GE Foundation grant
Lifebox receives $500,000 GE Foundation grant for ground-breaking Surgical Infection Prevention Initiative.
In 2010 we launched our pulse oximetry programme, delivering environment-appropriate equipment and training to ORs worldwide – and safeguarding more than 10 million lives
Today we are thrilled to announce our next target in the fight to make every operating room a safer space for patients and healthcare providers: surgical infection.
Postoperative infections are a major threat to surgical patients. They’re a particularly critical issue in low resource settings, where rates are double those reported in high-income countries. Patients suffer, families grieve, and hospital systems are strained beyond capacity. But to date, there has been no best practice strategy for addressing this crisis.
Thanks to generous support fromGE Foundation, this is set to change.
Over the next 18 months, Lifebox will establish a technical workstream aimed at reducing the incidence of surgical infection through simple and scalable interventions. Led by Thomas Weiser, Lifebox trustee and surgeon at Stanford Health Care, we’ll develop a set of standards that address the most fundamental and life-saving aspects of safe, clean surgery.
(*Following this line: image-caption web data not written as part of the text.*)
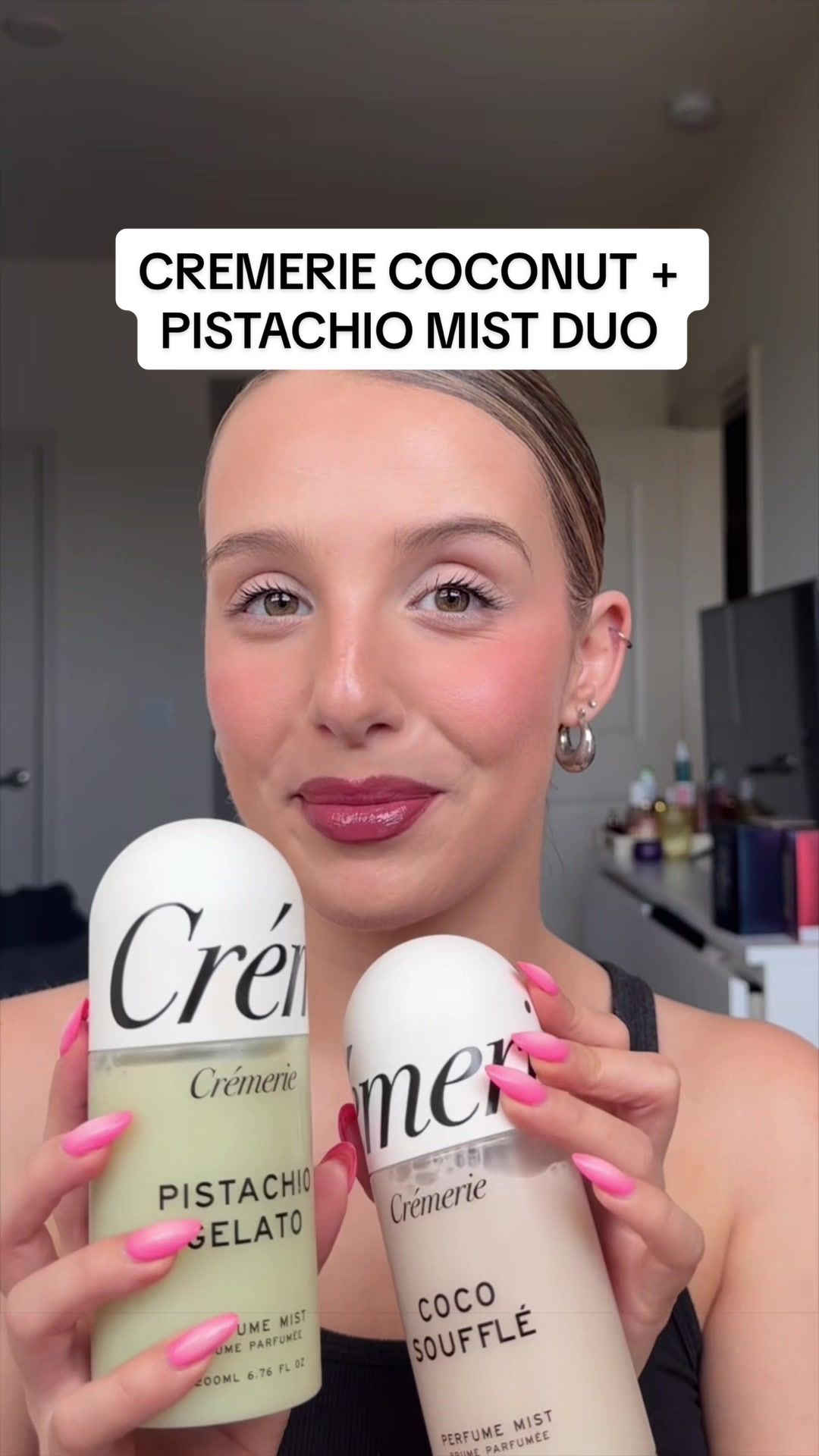 @Rianna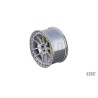 Z-Performance ZP.Forged 22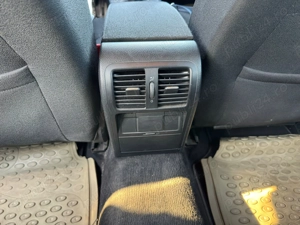 VW passat b6 2.0 TDI break  - imagine 13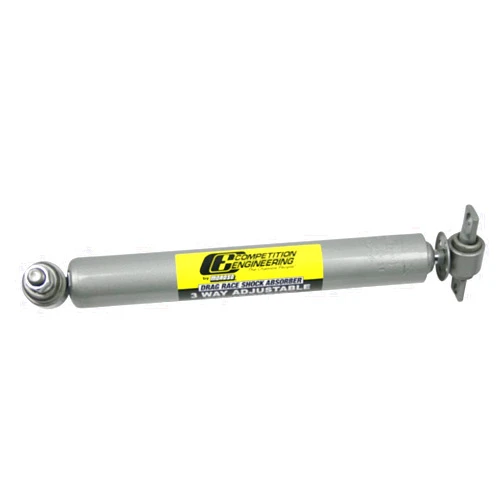 Competition Engineering COMP.ENG/MOR Competition Engineering C2720 Shock Absorber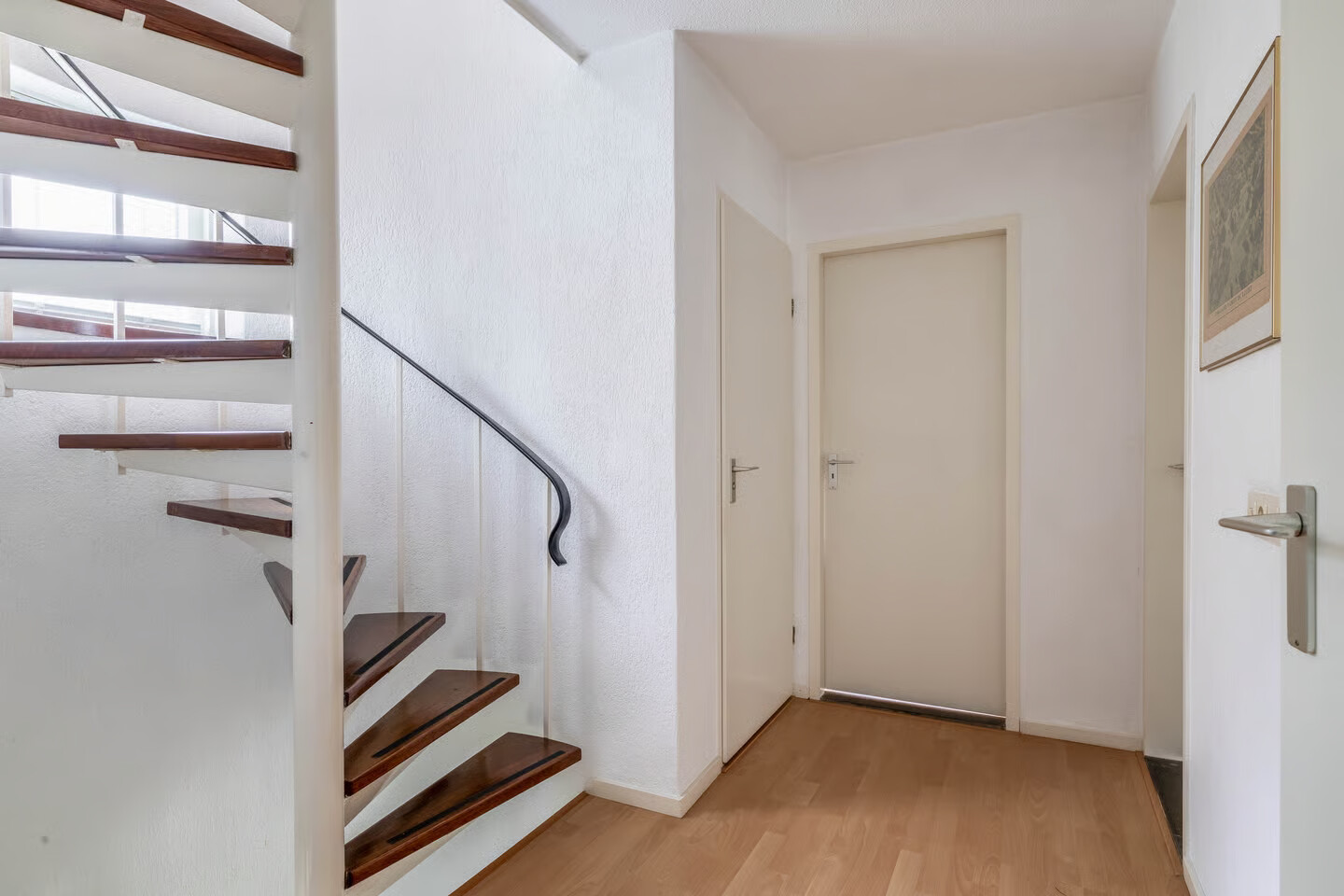 Tussenwoning te koop: Midakkers 9, Eersel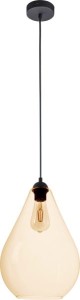 FUENTE LAMPA WISZĄCA 1 PŁ  4322 TK Lighting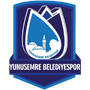 YunusEmreBelediyespor.png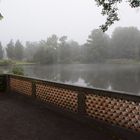 Schlosspark Sanssouci, Potsdam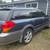 Two subies 2 thumbnail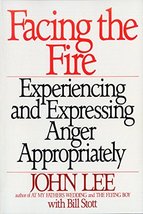 Facing the Fire: Experiencing and Expressing Anger Appropriately [Paperb... - £12.29 GBP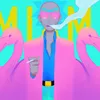 Avatar ricksincero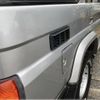 toyota land-cruiser-prado 1993 quick_quick_Q-LJ78W_LJ78-0041722 image 4
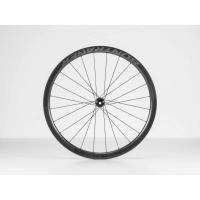 ราคา ล้อจักรยาน Bontrager Aeolus RSL37 DISC (6388182892)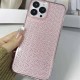 Чохол TPU Shine для Apple iPhone 12 Pro Max (6.7") Pink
From skin decontamination to sterile practice, instrument sterilization to antibiotics, we’ll be working with local champions to develop a programme that begins in one hospital and expands to support safer practice across whole country systems.
“This project is an extension of what we began during our work with the World Health Organization (WHO) in creating and implementing the Surgical Safety Checklist,” explained Dr Weiser. “We intend this to be the next step of a concerted effort to fully deploy the Checklist, broaden the scope of work, and to make perioperative care safer for patients everywhere.”
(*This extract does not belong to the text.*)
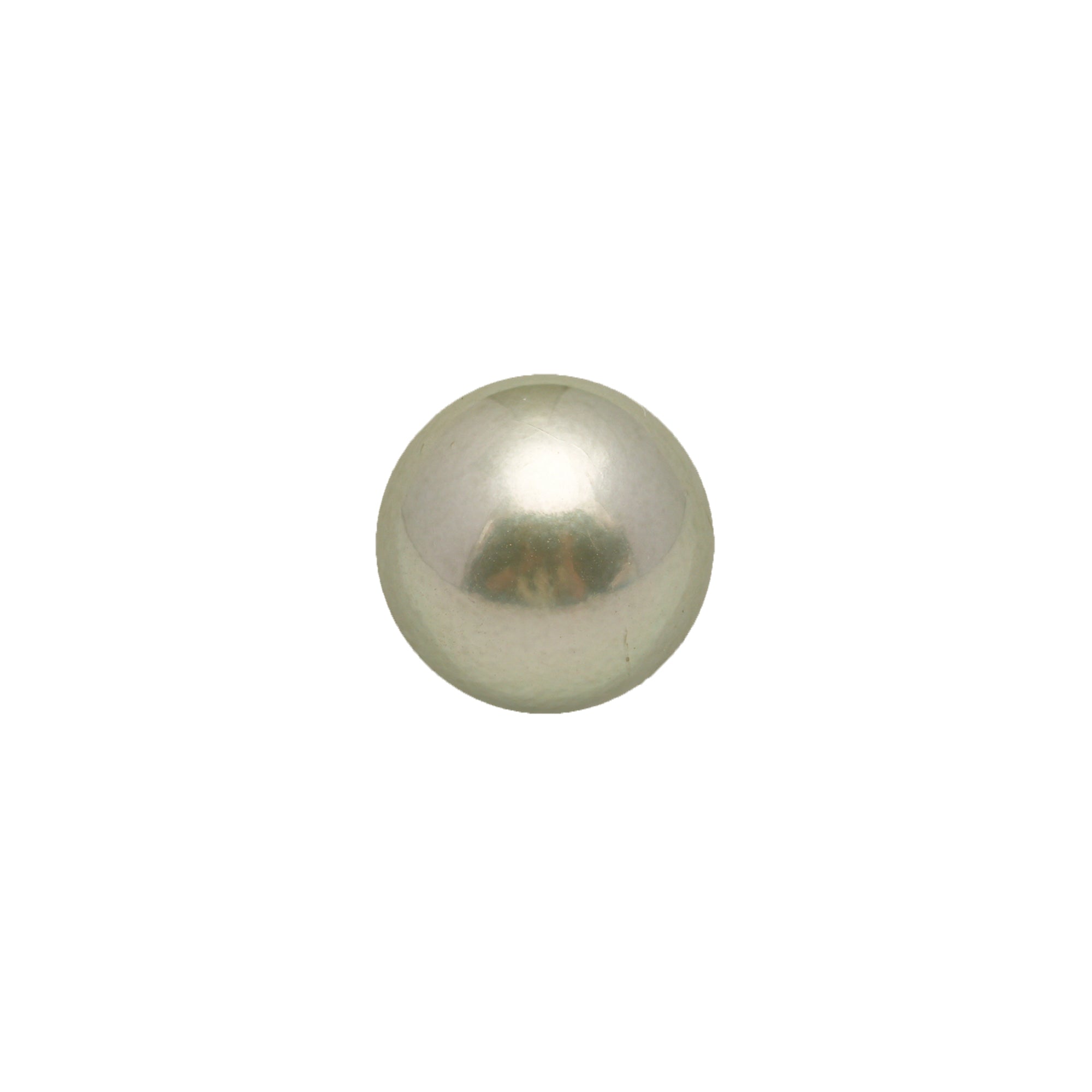 Tahitian Pearls CMWPEARLS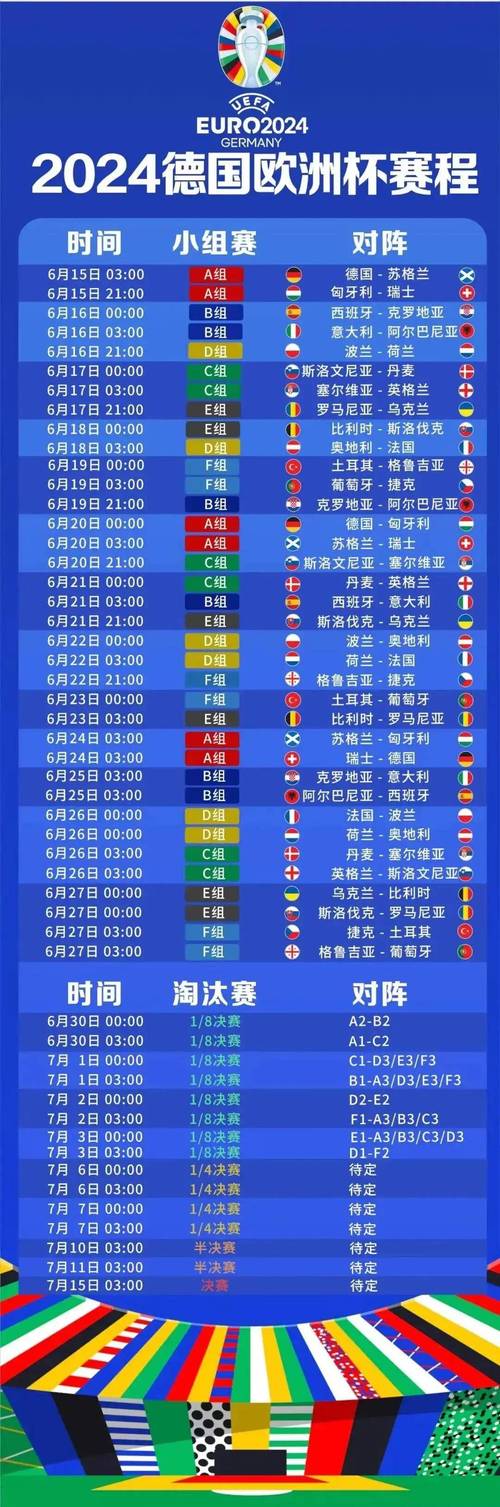 甘伯杯是什么比赛？和欧冠、世界杯有什么区别？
We’re delighted to be working with GE Foundation, an organisation committed to improving surgery in low-resource settings. Earlier this year both GE Foundation and Lifebox participated in the launch of a major new Commission on safe global surgery published in The Lancet.
The Commission notes that five billion people worldwide do not have access to safe and affordable surgery and anaesthesia when they need it. Access is worst in low- and lower-middle income countries, where as many as nine out of ten people cannot access basic surgical care. The GE Foundation Biomedical Equipment Technician (BMET) training program was highlighted in the Commission as a “best in class” model for sustainable training, and the Lifebox pulse oximetry program was commended as a leader in “encouraging examples of surgical innovations developed for low-resource settings.”
“Safe Surgery has long been a neglected area of global health, and universal access to an essential set of surgical procedures would prevent 1.5 million deaths around the world every year,” said Dr. David Barash, Executive Director, Global Health Portfolio, and Chief Medical Officer, GE Foundation.
“It’s astounding that millions of people are dying from common, easily treated conditions like appendicitis, fractures or obstructed labor because they do not have access to proper surgical care. We are especially pleased to launch this partnership focused on access to safe surgery with Lifebox, given their success implementing the WHO Surgical Safety Checklist, which has been shown to reduce perioperative complications in low resource setting by nearly 60%.”
Said Lifebox chief executive Pauline Philip, “Lifebox is led by professionals. We know what it is to strive for safer surgery, and it’s unconscionable that patients and colleagues in low-resource settings must risk so much for life-saving treatment. We’re thrilled to be working with GE Foundation, an organization that is putting its expertise, its resources and its global reputation behind safer surgery. Together we’re committed to changing the devastating status quo.”